Now one thing I have learned from this draw down was that despite my constant insistence that being 100% invested in stocks all of the time is clearly the only smart play long term as it guarantees the largest long term gains and that volatility does not matter as long as you have a large enough margin of safety. Now I still logically believe this, I do think the idea of having a cushion of stable investments makes a little more sense to me now and I’ll try to explain why.
I have not ever touched any of my investments as I am young and do not rely on them to pay bills or make purchases. I am however constantly moving closer and closer to a day when I will likely start tapping into this huge pile of money for the freedom that it can provide. While I know I will have a large margin of safety built in when I do this, I do realize that the optimizer in me would have a hard time pulling money from the market when things have fallen so much as I know in the next couple of years todays prices will be extremely attractive and I would be dumb to sell. This is why I need to get better at building a large cash reserve when things are going extremely well. Yes I will cost myself somewhat in performance, but I will greatly increase the freedom buying power of that money. Meaning I can basically do whatever I want whenever I want with my money and whether the market is up a lot or down a lot will not affect those plans in any meaningful way.

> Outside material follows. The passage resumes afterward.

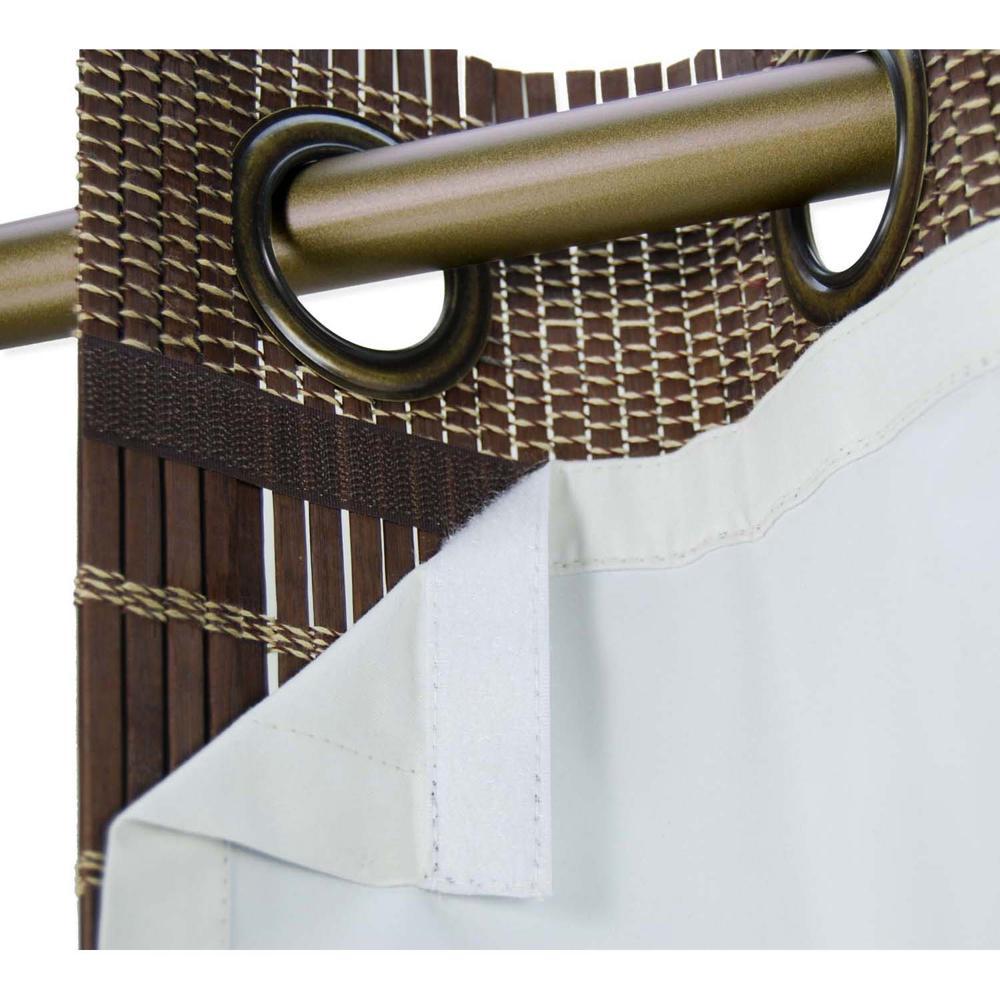 Versailles Thermal Liners For Ring Top Bamboo Panels - Off-White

To to this I’ve arbitrarily decided that I would need about 5 years of spending money with a good margin of safety and that in that case I would almost always be set regardless of what the market is doing or what my needs will be met and I would have cash on the sideline to take advantage of any major discounts. I am not sure if this goal should be a percentage or dollar amount as my spending would be a set dollar amount, but it probably makes sense to have a percentage of my portfolio. I think somewhere around 10-20% makes sense with maybe a cap on the dollar amount. Obviously it doesn’t make sense to raise cash now with the markets down, but as the market recovers and we get back to previous highs or close to it I think it makes senes for me once or twice a year look at my portfolio and raise some cash off of it – kind of like a self imposed dividend. This would give me my 5 years of cash that I would never touch and as the market continued to rise I could pull some additional off up to 20% and then when things fell I would have an additional margin of safety and could reinvest some of that money.

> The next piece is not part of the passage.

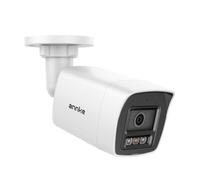 ANNKE 12MP PoE IP Camera Outdoor, Security Bullet Camera with Smart Dual Light for Home Surveillance, Human/Vehicle Detection, Color Night Vision, 2.8mm Wide Angle, Up to 512GB microSD Card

For those that knew TomE from the Motley Fool this is how he ran his portfolio. Like I said I was always invested and always in full growth mode, so I never saw the point and considered it at some level trying to time the market, but I now see the potential benefits for someone like myself. The additional financial gains really arnen’t that life altering at this point, but the loss of freedom of not having enough cash/safety and not wanting to touch depressed stocks to raise it is way worse than having a few less dollars total in the nestegg.

I lost $1 million dollars

I lost $1 million dollars

Well this is another goal of mine which sounds counterintuitive, but in my October 2018 Retirement Nestegg Report I was commenting about how losing $100k in a month was a non event for me and then made this statement

My goal some day is to lose $1 million dollars in portfolio value.

Well today after a few weeks of carnage it occurred to me that I may have lost about $1 million dollars on paper and sure enough my portfolio set an all-time high on Nov 4th of 2021 and now today just 79 days later my portfolio has fallen more than $1 million dollars below that ATH. Mission Accomplished!!

A couple of thoughts on this.

I originally made that statement because in order to lose a million dollars you have to have a fairly large sum of money – hopefully quite a bit more than $1 million, but at least $1 million. So if someday I lost $1 million dollars that probably meant that I was doing pretty good and was in pretty good shape and the $1 million dollars was not going to be as devastating as it sounds. Percentages of big numbers are big numbers. They can work for you and against you and while I lost $1M in 79 days I gained more than $1M 64 days to hit that all-time high.

I also lost $1M and to be honest it really has added zero stress to my life. Like I mentioned I lost $1M and am back to the same portfolio I had in September. Easy come, easy go. Volatility and fluctuations in the market are normal and the price you pay for the performance. I never in my wildest dreams expected to be hitting the numbers that I have hit the last few years and so taking things down a few notches really doesn’t make me feel like I’m somehow behind schedule, in fact I’m still currently wildly ahead of schedule and have a sum of money that has me in great shape for the rest of my life.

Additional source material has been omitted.